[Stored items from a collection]
======
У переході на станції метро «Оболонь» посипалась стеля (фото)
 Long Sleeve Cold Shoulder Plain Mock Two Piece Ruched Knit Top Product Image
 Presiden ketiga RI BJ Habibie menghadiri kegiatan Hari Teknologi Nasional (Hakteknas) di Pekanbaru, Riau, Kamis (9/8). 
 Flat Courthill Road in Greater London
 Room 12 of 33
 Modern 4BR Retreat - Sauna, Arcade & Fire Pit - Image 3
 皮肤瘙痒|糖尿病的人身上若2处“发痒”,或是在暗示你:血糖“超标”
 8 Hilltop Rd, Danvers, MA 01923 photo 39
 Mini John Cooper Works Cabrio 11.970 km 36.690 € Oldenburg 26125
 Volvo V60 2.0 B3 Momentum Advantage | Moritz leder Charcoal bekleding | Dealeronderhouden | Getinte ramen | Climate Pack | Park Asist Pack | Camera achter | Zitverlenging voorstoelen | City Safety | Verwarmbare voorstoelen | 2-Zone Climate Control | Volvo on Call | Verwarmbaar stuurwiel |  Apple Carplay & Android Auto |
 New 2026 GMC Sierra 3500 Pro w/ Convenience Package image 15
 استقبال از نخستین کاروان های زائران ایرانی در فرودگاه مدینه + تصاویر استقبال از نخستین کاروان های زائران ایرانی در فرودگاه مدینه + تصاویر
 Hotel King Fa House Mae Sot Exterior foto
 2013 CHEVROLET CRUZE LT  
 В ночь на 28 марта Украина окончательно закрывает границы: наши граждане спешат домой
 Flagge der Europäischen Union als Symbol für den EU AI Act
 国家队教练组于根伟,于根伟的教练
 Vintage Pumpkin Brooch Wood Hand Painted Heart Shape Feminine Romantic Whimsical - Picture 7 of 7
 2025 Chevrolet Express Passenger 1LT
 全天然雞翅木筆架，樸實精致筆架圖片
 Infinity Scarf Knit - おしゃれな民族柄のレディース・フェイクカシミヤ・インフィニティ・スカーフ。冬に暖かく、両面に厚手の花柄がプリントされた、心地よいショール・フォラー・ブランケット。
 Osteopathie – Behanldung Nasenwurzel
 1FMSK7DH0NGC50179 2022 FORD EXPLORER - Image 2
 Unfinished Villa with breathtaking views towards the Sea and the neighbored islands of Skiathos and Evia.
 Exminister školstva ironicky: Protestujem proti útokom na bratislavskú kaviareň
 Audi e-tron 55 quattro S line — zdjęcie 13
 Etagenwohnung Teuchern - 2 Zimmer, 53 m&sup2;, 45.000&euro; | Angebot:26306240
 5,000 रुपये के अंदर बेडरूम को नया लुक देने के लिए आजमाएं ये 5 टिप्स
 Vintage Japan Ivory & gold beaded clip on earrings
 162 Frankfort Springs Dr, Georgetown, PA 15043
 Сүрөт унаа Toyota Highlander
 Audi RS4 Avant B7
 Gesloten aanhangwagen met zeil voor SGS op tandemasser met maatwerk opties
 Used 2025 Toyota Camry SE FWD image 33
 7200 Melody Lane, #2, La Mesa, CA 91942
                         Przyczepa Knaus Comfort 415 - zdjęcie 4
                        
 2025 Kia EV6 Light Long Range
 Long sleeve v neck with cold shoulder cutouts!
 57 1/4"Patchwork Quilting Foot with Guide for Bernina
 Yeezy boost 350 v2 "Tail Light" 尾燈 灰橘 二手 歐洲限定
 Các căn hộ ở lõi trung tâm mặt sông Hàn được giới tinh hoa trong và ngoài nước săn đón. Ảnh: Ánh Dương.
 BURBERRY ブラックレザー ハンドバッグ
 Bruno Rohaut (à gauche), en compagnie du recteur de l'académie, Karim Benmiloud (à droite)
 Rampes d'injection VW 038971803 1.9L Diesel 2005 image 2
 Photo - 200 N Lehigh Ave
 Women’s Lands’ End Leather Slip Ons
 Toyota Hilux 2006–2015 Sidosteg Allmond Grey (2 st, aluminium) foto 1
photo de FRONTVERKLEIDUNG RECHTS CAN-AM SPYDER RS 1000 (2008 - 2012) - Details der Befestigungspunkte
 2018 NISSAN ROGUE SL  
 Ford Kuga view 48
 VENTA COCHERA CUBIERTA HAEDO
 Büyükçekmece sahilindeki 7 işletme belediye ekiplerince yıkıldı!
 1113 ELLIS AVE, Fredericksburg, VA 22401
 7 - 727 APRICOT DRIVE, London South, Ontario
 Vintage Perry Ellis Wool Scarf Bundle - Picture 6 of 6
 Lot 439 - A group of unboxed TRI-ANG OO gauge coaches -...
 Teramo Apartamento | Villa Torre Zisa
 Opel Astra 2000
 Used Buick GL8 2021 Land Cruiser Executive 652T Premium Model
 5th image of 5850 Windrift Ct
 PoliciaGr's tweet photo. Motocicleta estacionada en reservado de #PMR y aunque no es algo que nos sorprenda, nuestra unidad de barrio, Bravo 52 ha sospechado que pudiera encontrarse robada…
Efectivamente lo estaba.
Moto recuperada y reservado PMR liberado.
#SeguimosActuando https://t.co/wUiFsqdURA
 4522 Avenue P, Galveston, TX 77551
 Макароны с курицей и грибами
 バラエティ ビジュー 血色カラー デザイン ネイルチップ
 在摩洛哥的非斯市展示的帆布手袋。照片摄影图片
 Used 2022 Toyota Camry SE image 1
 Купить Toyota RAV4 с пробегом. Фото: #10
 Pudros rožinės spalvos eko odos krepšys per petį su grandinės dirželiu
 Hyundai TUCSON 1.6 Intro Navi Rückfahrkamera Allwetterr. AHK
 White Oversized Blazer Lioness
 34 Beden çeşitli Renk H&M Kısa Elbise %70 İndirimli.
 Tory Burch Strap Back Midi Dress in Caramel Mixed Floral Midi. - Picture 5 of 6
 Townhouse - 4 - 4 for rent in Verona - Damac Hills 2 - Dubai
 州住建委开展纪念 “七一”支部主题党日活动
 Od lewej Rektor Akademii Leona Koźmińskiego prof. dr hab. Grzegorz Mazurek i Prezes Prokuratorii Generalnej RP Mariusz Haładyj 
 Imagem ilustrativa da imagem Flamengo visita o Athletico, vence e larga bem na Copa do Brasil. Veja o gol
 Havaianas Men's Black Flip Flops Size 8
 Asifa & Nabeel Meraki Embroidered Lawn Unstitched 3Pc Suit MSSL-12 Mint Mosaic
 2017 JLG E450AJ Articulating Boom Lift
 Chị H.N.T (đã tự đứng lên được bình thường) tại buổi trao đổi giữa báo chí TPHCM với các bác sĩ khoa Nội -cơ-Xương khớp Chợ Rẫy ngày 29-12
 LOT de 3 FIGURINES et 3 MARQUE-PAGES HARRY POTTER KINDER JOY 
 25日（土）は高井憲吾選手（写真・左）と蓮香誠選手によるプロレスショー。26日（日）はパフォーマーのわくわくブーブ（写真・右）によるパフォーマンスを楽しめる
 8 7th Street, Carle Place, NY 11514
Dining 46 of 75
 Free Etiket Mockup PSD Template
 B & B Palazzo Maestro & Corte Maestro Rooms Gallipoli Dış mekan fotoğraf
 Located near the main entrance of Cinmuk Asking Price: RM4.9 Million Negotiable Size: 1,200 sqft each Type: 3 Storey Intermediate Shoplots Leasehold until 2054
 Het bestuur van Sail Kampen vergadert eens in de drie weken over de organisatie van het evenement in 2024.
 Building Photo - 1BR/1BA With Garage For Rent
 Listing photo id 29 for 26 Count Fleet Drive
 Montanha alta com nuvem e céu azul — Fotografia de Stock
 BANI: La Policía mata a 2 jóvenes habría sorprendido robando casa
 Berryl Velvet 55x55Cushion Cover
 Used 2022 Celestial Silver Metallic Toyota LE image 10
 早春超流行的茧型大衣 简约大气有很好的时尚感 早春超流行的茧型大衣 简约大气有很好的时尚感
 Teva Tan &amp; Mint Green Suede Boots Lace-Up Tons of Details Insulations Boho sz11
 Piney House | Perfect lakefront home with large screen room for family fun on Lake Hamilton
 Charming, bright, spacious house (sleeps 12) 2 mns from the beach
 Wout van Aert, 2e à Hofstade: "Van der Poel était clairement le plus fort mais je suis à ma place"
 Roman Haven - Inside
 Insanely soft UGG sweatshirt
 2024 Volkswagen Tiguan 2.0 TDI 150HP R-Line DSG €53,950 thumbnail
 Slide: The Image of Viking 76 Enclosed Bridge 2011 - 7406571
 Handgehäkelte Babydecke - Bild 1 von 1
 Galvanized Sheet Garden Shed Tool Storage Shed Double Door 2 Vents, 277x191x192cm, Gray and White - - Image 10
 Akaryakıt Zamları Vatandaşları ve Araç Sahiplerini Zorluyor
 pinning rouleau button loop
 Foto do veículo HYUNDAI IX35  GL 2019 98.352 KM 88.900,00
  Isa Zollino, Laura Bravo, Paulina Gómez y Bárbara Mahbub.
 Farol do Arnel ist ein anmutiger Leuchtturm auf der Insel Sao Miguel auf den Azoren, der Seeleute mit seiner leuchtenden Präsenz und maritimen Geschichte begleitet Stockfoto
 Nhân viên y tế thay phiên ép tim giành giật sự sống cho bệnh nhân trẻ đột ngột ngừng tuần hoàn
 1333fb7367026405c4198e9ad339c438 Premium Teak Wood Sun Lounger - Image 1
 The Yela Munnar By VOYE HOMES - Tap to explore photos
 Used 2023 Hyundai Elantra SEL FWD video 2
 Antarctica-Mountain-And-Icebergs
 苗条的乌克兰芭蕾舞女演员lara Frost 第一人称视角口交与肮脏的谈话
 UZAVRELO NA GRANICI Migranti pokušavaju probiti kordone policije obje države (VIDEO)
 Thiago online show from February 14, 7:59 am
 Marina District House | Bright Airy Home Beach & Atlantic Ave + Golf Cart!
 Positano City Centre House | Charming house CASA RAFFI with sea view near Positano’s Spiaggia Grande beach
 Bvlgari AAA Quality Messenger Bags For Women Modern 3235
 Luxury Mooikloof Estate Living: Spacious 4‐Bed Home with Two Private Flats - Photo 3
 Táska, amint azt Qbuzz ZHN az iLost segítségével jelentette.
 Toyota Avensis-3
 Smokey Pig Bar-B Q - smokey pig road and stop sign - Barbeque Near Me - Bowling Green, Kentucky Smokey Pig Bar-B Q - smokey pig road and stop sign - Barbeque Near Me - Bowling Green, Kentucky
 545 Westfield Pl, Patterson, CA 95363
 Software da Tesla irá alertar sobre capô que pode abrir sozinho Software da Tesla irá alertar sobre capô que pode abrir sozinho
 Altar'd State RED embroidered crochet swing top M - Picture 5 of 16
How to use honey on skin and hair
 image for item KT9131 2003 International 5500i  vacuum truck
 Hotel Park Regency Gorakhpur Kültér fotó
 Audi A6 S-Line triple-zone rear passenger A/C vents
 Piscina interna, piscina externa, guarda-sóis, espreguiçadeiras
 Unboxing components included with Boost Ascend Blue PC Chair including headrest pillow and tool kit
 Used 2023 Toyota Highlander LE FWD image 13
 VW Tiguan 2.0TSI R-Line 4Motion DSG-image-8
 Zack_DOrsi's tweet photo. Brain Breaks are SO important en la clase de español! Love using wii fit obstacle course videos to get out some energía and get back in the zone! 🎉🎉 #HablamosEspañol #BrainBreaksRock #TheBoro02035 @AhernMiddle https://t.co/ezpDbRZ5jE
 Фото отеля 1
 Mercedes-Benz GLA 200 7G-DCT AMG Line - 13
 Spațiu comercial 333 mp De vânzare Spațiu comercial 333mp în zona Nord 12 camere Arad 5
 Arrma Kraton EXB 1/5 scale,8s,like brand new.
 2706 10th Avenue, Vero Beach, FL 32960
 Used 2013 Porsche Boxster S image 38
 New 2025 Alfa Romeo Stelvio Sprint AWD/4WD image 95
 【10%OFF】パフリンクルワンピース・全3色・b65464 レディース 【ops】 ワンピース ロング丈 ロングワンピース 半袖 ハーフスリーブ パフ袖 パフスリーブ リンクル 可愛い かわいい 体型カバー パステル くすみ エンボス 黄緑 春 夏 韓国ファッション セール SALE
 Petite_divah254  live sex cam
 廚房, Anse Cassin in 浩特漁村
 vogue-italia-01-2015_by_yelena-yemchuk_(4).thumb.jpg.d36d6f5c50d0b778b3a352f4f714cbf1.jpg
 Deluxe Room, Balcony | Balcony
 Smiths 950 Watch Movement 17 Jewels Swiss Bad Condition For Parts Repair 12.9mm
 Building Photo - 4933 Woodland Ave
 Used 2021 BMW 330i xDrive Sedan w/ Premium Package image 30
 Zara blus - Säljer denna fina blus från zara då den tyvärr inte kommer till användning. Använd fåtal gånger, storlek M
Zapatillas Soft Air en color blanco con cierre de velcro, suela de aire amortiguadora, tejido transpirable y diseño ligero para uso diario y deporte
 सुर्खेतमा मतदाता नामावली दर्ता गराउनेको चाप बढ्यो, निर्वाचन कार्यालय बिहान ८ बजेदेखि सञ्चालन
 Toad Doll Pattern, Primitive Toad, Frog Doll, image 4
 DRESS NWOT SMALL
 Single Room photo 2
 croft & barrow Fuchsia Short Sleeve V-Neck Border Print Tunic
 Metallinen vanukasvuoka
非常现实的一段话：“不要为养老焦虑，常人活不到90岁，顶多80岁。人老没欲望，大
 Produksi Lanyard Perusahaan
======
* _Problem description_: Look through the entries above and quote exactly the lines from the line with "2013 CHEVROLET CRUZE LT" to the line with "全天然雞翅木筆架，樸實精致筆架圖片", counting both of those lines.

* _Exercise solution_:
 2013 CHEVROLET CRUZE LT  
 В ночь на 28 марта Украина окончательно закрывает границы: наши граждане спешат домой
 Flagge der Europäischen Union als Symbol für den EU AI Act
 国家队教练组于根伟,于根伟的教练
 Vintage Pumpkin Brooch Wood Hand Painted Heart Shape Feminine Romantic Whimsical - Picture 7 of 7
 2025 Chevrolet Express Passenger 1LT
 全天然雞翅木筆架，樸實精致筆架圖片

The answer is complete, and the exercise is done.